Information supplied:
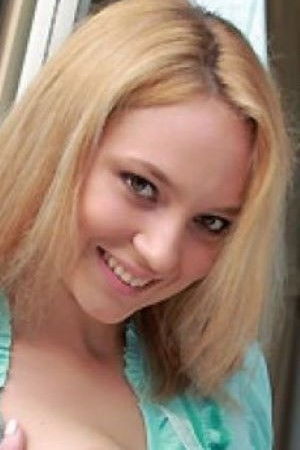 et billede af Nataly B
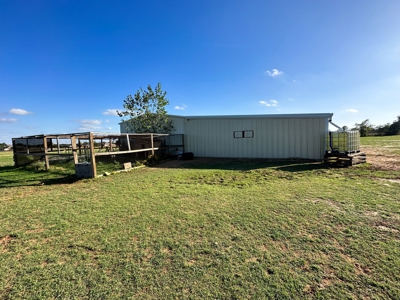 Experience Country Living at Its Finest - image 41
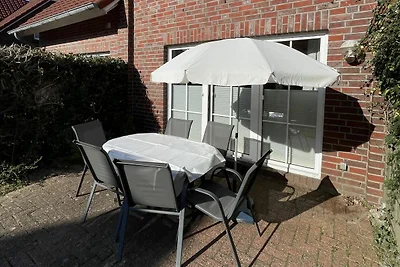 Albergo Cultura ed escursioni Butjadingen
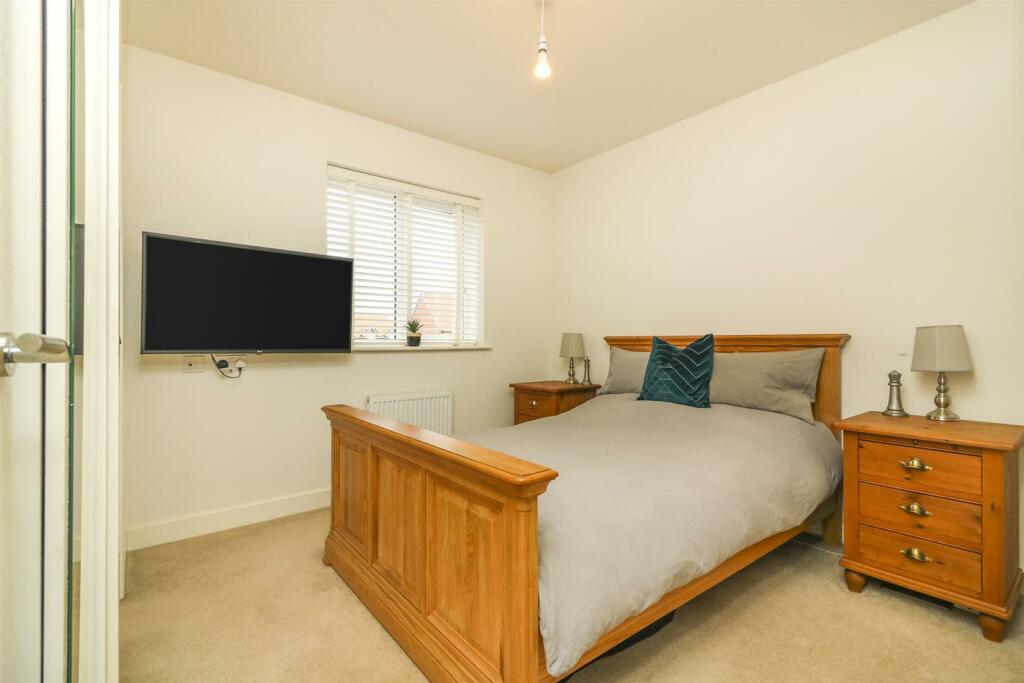 Additional property image - Orchard Way, Boreham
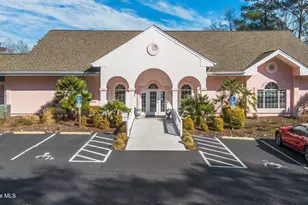 610 Wisteria Dr, Sunset Beach, NC 28468 - Photo 70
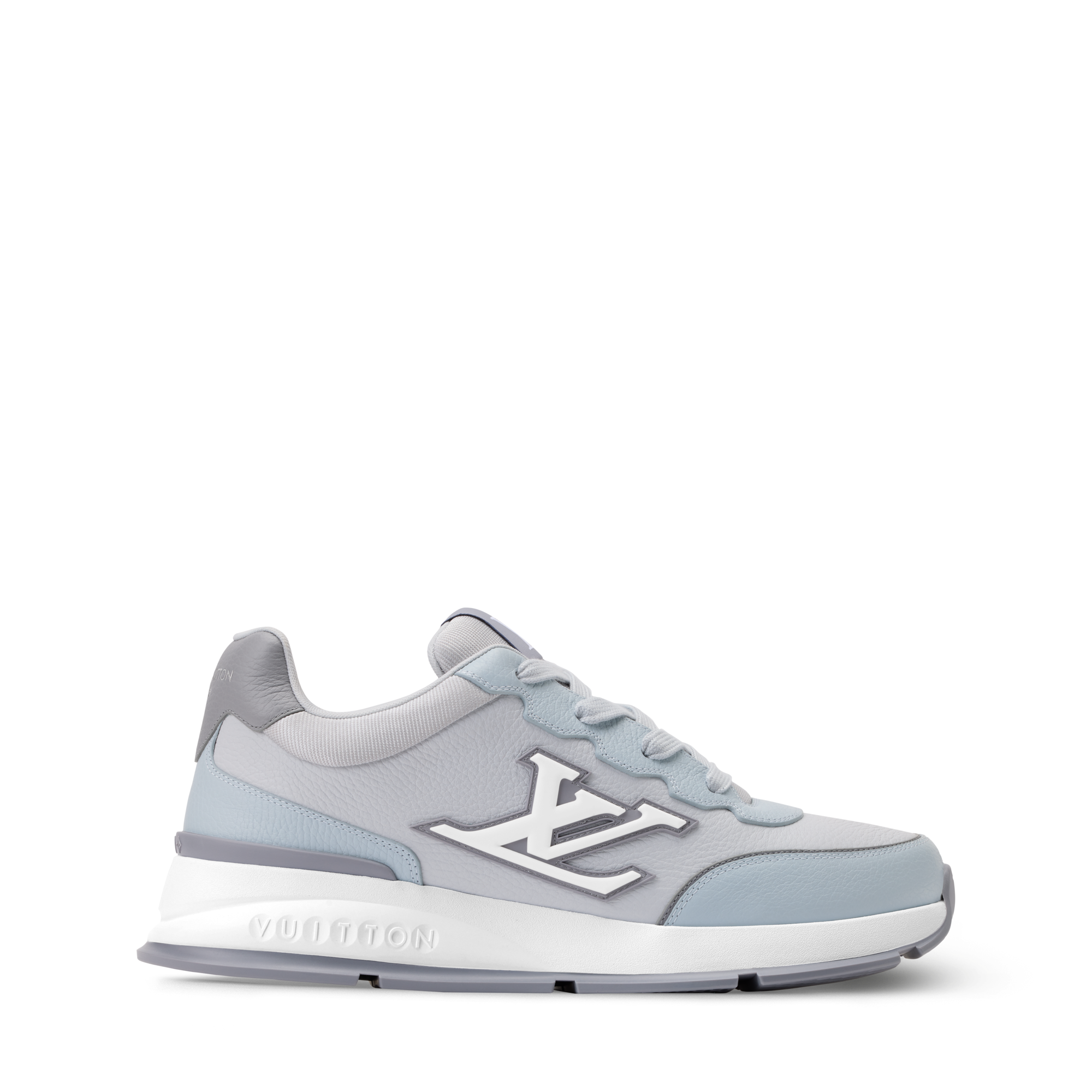 LV Classic Sneaker - For Men 1AJCYK | LOUIS VUITTON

Work instruction:
Nothing but the text is wanted: repeat the data above exactly, without its images.

Response to the task:
 et billede af Nataly B
 Experience Country Living at Its Finest - image 41
 Albergo Cultura ed escursioni Butjadingen
 Additional property image - Orchard Way, Boreham
 610 Wisteria Dr, Sunset Beach, NC 28468 - Photo 70
 LV Classic Sneaker - For Men 1AJCYK | LOUIS VUITTON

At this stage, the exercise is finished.